> _THE DATA_

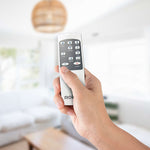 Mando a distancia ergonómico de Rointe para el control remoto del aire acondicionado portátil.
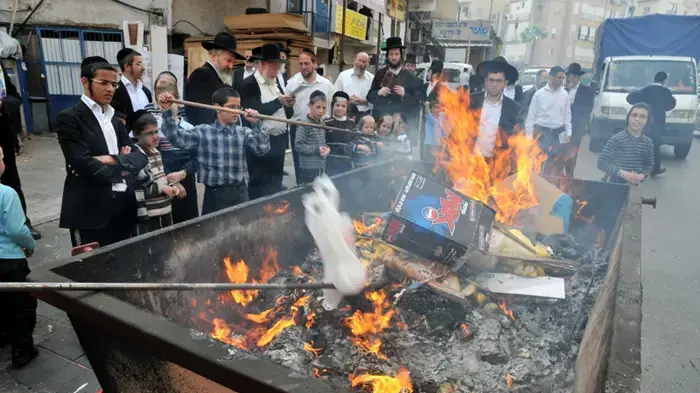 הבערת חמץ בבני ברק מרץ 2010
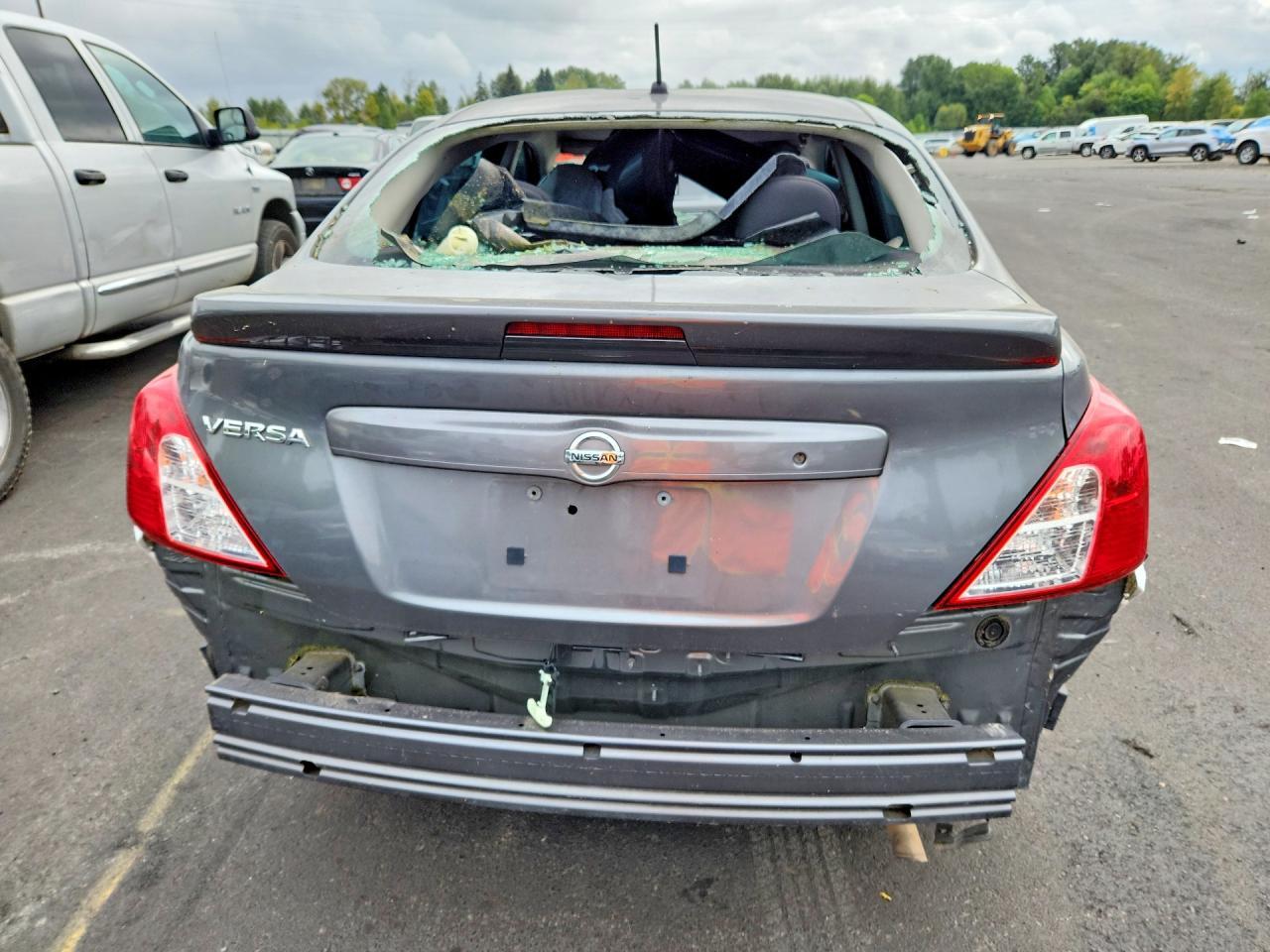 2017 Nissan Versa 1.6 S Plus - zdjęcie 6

> _WHAT THE TASK REQUIRES_
Quote each line of the listing exactly, but leave the pictures out.

> _ANSWER FOR THE TASK_
 Mando a distancia ergonómico de Rointe para el control remoto del aire acondicionado portátil.
 הבערת חמץ בבני ברק מרץ 2010
 2017 Nissan Versa 1.6 S Plus - zdjęcie 6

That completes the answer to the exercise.